Un tel fond de jeu est la base de beaucoup de variantes pour le démarquage des shooteurs. Cela fait bizarre de voir (encore) des défenseurs aussi passifs et un tel manque de communication sur les écrans…

Sur un autre système, je pense que la finalité première n’était pas forcément de trouver Nick MacDonald. Il effectue le déplacement-type d’un joueur de son poste, il fait une passe puis va au corner à l’opposé du ballon. Pour se faire oublier (spoiler : cela fonctionne).

Niagara trouve l’intérieur qui possède la position préférentielle et il hérite du ballon. Là, chose intéressante, l’autre intérieur coupe au panier, ce qui offre une solution au porteur de balle (la passe était possible). Marist décide de trapper le porteur de balle, mais celui-ci, intelligemment, ne dribble pas et lève la tête. Il aperçoit son shooteur en forme à l’opposé, qui est remonté dans la zone intermédiaire pour ouvrir une fenêtre de passe.

La connexion est faite et un panier “facile” pour Niagara.

Une équipe en mouvement.
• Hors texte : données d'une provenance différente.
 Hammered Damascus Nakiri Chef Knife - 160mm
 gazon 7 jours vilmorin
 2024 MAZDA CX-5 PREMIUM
Des joueurs intelligents, car le fait que l’intérieur ne dribble pas est assez rare (les joueurs ont tendance, machinalement, à poser au moins un dribble et c’est ce que souhaite la défense). C’est simple en fait le basketball !

Est-ce la saison de Niagara (et de l’éclosion de Nick MacDonald) ?

On savait que Nick MacDonald était capable de prendre feu à 3-points. Toutefois, sa partition face à Marist, le favori dans la conférence MAAC, soulève beaucoup de questions pour la suite du championnat de la ligue.

Peut-il réitérer une telle performance par la suite ?

Si oui, il est clairement le facteur X des Purple Eagles. Avoir un joueur capable de mettre 8 à 10 points en sortie de banc, avec un temps de jeu limité, c’est bon à prendre. Par contre, ces shooteurs connaissent des baisses de régimes. On peut se dire que son début de saison poussif est derrière lui et que le second match contre Marist (sa 2ème meilleure performance offensive en carrière universitaire) lui permettra de jouer plus sereinement et avec la confiance du coaching staff.

On a décelé les ajustements au cours de la partie pour le mettre en lumière. Reste à voir si cela perdurera. Il reste une belle découverte et rappelons qu’il n’est que sophomore, avec une marge de progression substantielle.

Autant dire qu’il est loin d’être à 100% de son potentiel.

Cette victoire est peut-être le match référence de Niagara. Un premier tournant dans la saison du programme.

L’équipe possède des joueurs de talent comme le junior (et leader) Marcus Hammond ou encore le senior Kobi Nwandu. Il est vrai que la MAAC peut se résumer à 4 programmes : Siena, Iona, Marist et Monmouth. Mais, il faut toujours faire attention aux prétendants comme Canisius ou Saint Peter’s, sans oublier les Purple Eagles, qui ont montré être capables de battre un cador.

Cela promet une belle lutte dans la conférence MAAC.